To enable schema migration, please set:
'.option("mergeSchema", "true")'.
Table schema:
root
-- num1: integer (nullable = true)
-- num2: integer (nullable = true)
Data schema:
root
-- num1: integer (nullable = true)
-- num2: integer (nullable = true)
-- num3: integer (nullable = true)
mergeSchema
We can fix this by setting mergeSchema
to true
, as indicated by the error message.
The codes works perfectly once the option is set:
df4
.write
.format("delta")
.mode("append")
.option("mergeSchema", "true")
.save(deltaPath)
spark.read.format("delta").load(deltaPath).show()
+----+----+----+
|num1|num2|num3|
+----+----+----+
| 7| 7| 7|
| 8| 8| 8|
| 1| 2|null|
| 3| 4|null|
|null| 101|null|
|null| 102|null|
| 88|null|null|
| 99|null|null|
+----+----+----+
Replace table schema
mergeSchema
will work when you append a file with a completely different schema, but it probably won't give you the result you're looking for.
val df5 = spark.createDF(
List(
("nice", "person"),
("like", "madrid")
), List(
("word1", StringType, true),
("word2", StringType, true)
)
)
df5
.write
.format("delta")
.mode("append")
.option("mergeSchema", "true")
.save(deltaPath)
mergeSchema
appends two new columns to the DataFrame because the save mode was set to append.

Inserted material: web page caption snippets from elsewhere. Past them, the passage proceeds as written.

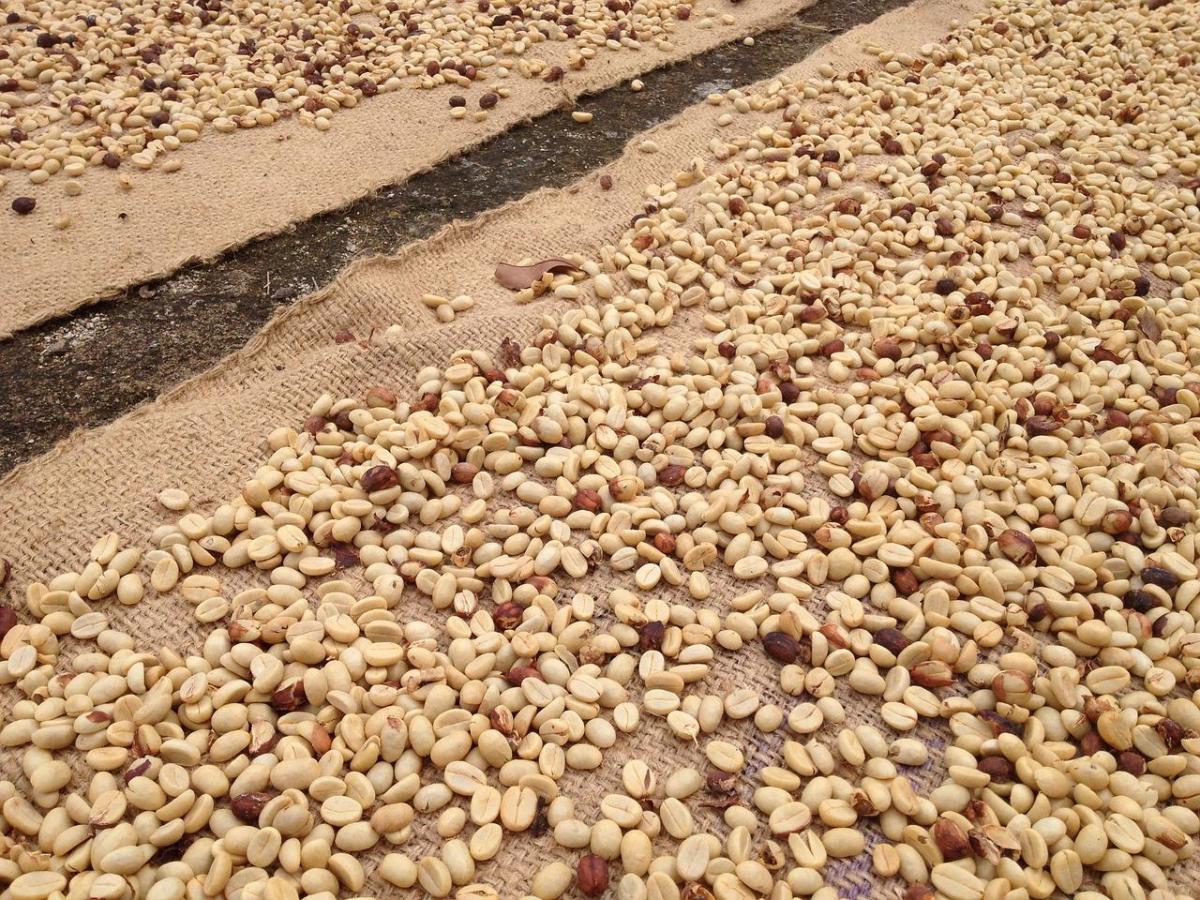Raw coffee beans drying in the sun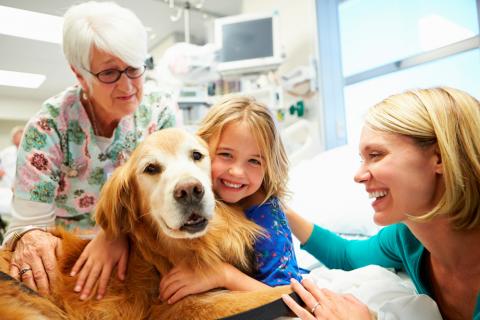 Una niña abraza a un perro durante su sesión de perroterapia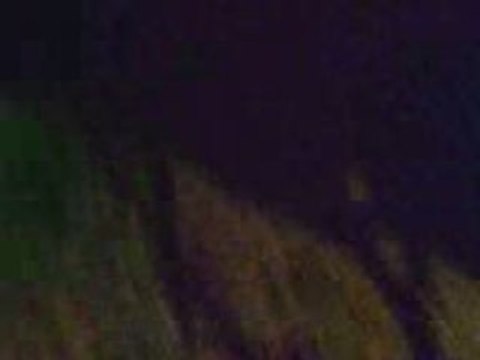 şopar Metehan ve saz arkadaşları 2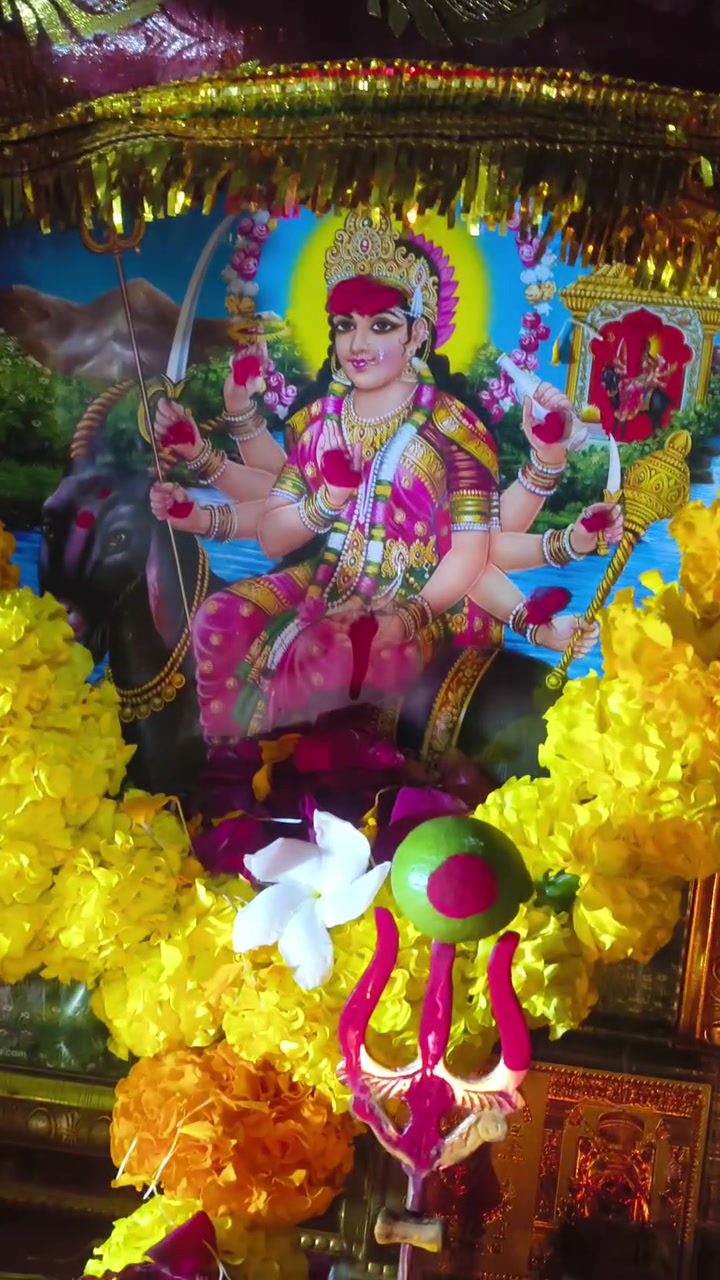 @JAY MATAJI 🙏🏻🙏🏻🙏🏻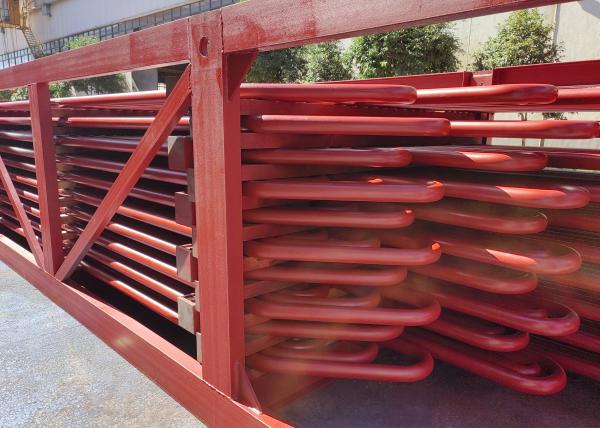 Supercalentador de caldera roja y recalentador en planta de energía de vapor personalizado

spark.read.format("delta").load(deltaPath).show()
+----+----+----+-----+------+
|num1|num2|num3|word1| word2|
+----+----+----+-----+------+
| 7| 7| 7| null| null|
| 8| 8| 8| null| null|
| 1| 2|null| null| null|
| 3| 4|null| null| null|
|null|null|null| nice|person|
|null|null|null| like|madrid|
| 88|null|null| null| null|
| 99|null|null| null| null|
|null| 101|null| null| null|
|null| 102|null| null| null|
+----+----+----+-----+------+
Let's see how mergeSchema
behaves when using a completely different schema and setting the save mode to overwrite.
df5
.write
.format("delta")
.mode("overwrite")
.option("mergeSchema", "true")
.save(deltaPath)
spark.read.format("delta").load(deltaPath).show()
+----+----+----+-----+------+
|num1|num2|num3|word1| word2|
+----+----+----+-----+------+
|null|null|null| nice|person|
|null|null|null| like|madrid|
+----+----+----+-----+------+
mergeSchema
isn't the best when the schemas are completely different. It's better for incremental schema changes.
overwriteSchema
Setting overwriteSchema
to true will wipe out the old schema and let you create a completely new table.
df5
.write
.format("delta")
.option("overwriteSchema", "true")
.mode("overwrite")
.save(deltaPath)
spark.read.format("delta").load(deltaPath).show()
+-----+------+
|word1| word2|
+-----+------+
| nice|person|
| like|madrid|
+-----+------+
Conclusion
Delta lakes offer powerful schema evolution features that are not available in Parquet lakes.
Delta lakes also enforce schemas and make it less likely that a bad write will mess up your entire lake.
Delta offers some great features that are simply not available in plain vanilla Parquet lakes.